Le dernier train que j’ai pris relie Cierna nad Tisou à Chop, cette petite ligne mène de Slovaquie en Ukraine. Pour moi la première frontière de notre périple et peut-être la plus symbolique, synonyme d’au revoir à la Slovaquie mon pays d’adoption, à l’alphabet latin, à l’espace Schengen, à l’heure européenne et d’adieu à la couronne Slovaque puisque quand je reviendrai l’an prochain, ils seront passés à l’Euro.
Volodia, le passeur de clopes… par la fenêtre
A Cierna nad Tisou, sur le quai je demande à un type si le train devant nous est bien celui qui mène a Chop, il me dit : « ouais vas-y monte moi aussi j’y vais ». Une fois dans le train, il sort un gros carton de nulle part, et ouvre la fenêtre du train en grand. Petites gouttes de sueur sur le front, le regard attentionné sur tous les passagers de l’unique wagon du train, il se saisi du fameux carton et hop, il le balance par la fenêtre. Après il passe un p’tit coup de fil pour s’assurer que la livraison est bien arrivée. Intrigué, je vais le voir pendant qu’il fumait une cigarette, et lui demande ce qu’il a jeté et il ne me répond des cigarettes. Selon lui, c’est plus rentable que la drogue car y’a environ une personne sur trois qui fume. Analyse pertinente.

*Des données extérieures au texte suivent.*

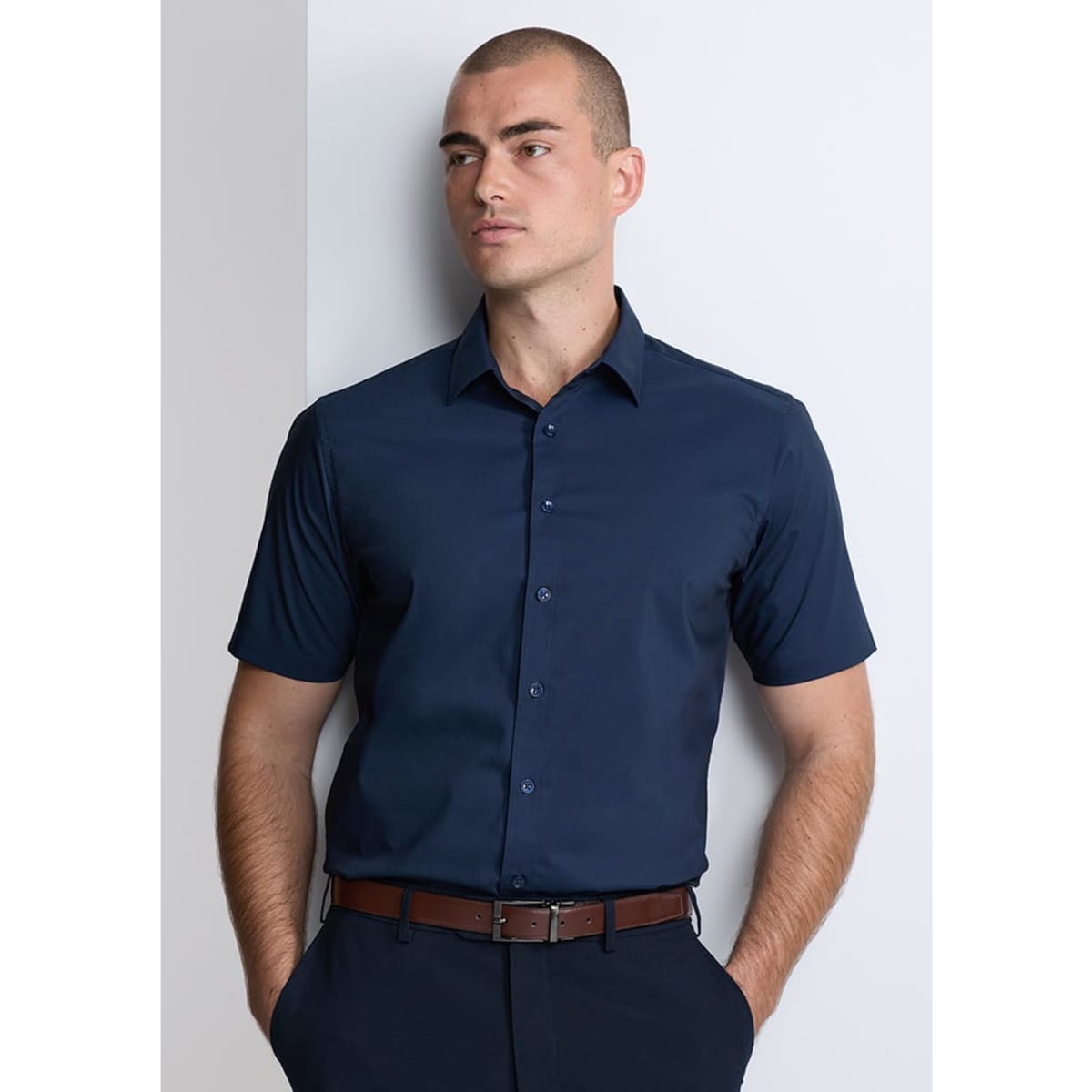 A classic fit short sleeve shirt in navy, featuring a button-up front and a subtle branding logo.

Chop ou la gare fantôme des retrouvailles
Arrivée à Chop, et c’est le passage au poste frontière ukrainien et les éternelles questions en russe sur le but de mon voyage en Ukraine. Je me débrouille pour répondre et la douanière intriguée de voir un gars avec un passeport français qui comprend un peu et parle deux, trois mots de russe. Elle s‘est donc senti obligée de vérifier l’authenticité de mes papiers et de manière méthodique elle a tourné mon passeport dans tout les sens, épluché chaque page en vérifiant bien la qualité du papier. Ce test passé avec succès, je peux pénétrer dans la grande gare sombre et désertique de Chop ornée de fresques, souvenirs de la grande époque soviétique. Mais où s’asseoir dans ce grand hall vide ??? Ah si ! J’ai trouvé le seul banc de toute la gare, perdu dans le coin …. Je peux maintenant attendre Pierre quelques heures.

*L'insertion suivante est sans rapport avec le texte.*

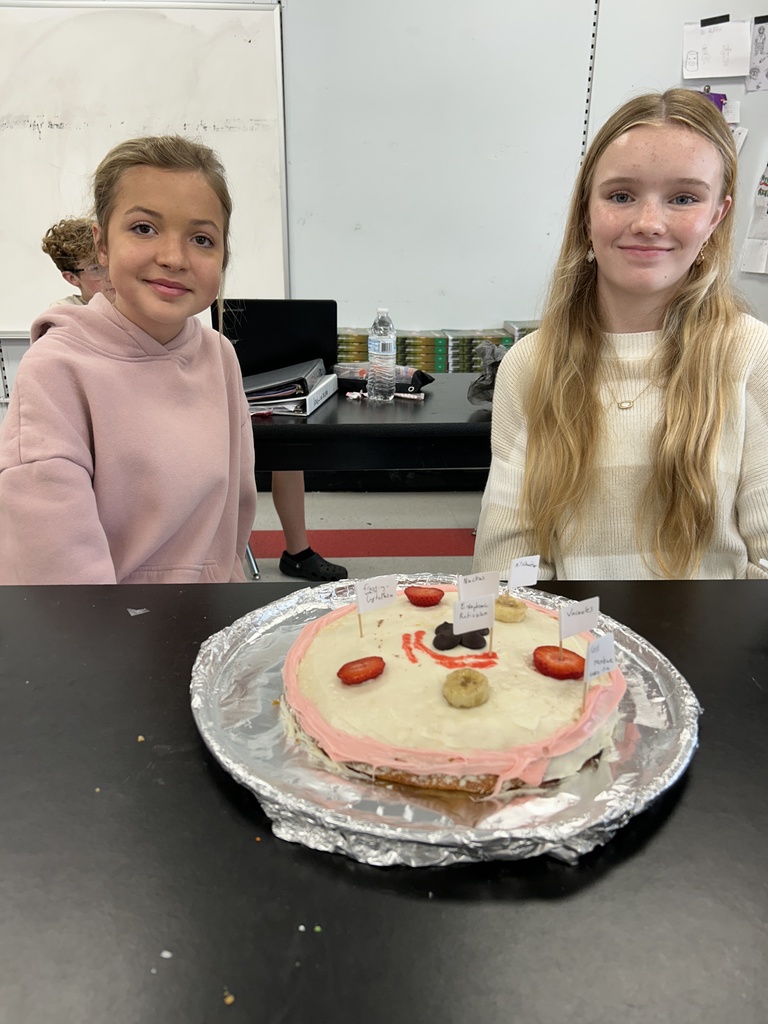 Students display their edible cell project.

« Ohhhhh il est là……. » Voilà la réaction de Pierre quand il m’a trouvé dans la gare. Les retrouvailles dans cette gare fantôme nous a motivé à très vite bouger de là et à trouver des billets de train pour Dnipropetrovsk. Problème, il ne reste seulement qu’un seul billet pour le train direct de 22h30. On trouve quand même un train pour Dnipropetrovsk via Lvov qui part dans une direction totalement opposée mais qui arrive quasiment à la même heure, soit 2h40 du mat le dimanche matin… Trop balaise ces Ukrainiens.
Le train, le platzkart, ses rencontres, et ses personnages
La première nuit dans le train vers Lvov aura été une longue nuit de retrouvailles (!) et courte nuit de sommeil. On est arrivé à 6h du mat à Lvov, et attendu jusqu’à 9h20 le train pour Dnipropetrovsk. Pour tous nos déplacements en train, on a décidé de voyager autant que possible en 3ème classe dans le fameux « platzkart ». Un platzkart n’est ni plus ni moins qu’un dortoir ingénieux sur roulette, le meilleur endroit pour faire des rencontres, voyager dans la bonne humeur, et apprendre en s’amusant l’art de voyager à la locale.
Yvon, THE Roumain
Une fois dans mon 6ème train consécutif, on s’installe mais pas de place pour les pieds. Yvon, un gros roumain, notre voisin de train y avait mis son sac proportionnel à sa corpulence. Yvon, une vraie bouille, équipé d’un survet’ Adidas en laine (surement une édition limitée du marché des contrefaçons), n’a pas été coopératif, et y’avait pas moyen de bouger ses affaires. Alors dès que des places se sont libérées nous sommes allés nous asseoir en face.
Alla la classe
Puis Alla est arrivée, docteur, ukrainienne d’origine polonaise, d’une cinquantaine d’année. Chic, très souriante et heureuse de vivre, on a très vite fait connaissance autour d’une bière. Les provisions se sont très vite amoncelées sur la table et très attentionnée elle nous préparait des petits sandwichs avec du saucisson. Marta, la passagère du lit supérieur se faisait transparente le nez dans son livre de yoga et refusa de se joindre à nous.
Sacha ex-drogué devenu fou de Dieu, Marissa et son sourire en or
Ensuite sont arrivés deux nouveaux passagers, Sacha, un jeune homme d’une trentaine d’année peut-être et Marissa une femme d’environ cinquante ans aux dents dorées. Tout de suite avec Pierre on s’est dit que le Sacha, il est un peu bizarre. On a commencé à parler tous ensemble et effectivement, il s’est avéré que Sacha n’avait pas un passé commun.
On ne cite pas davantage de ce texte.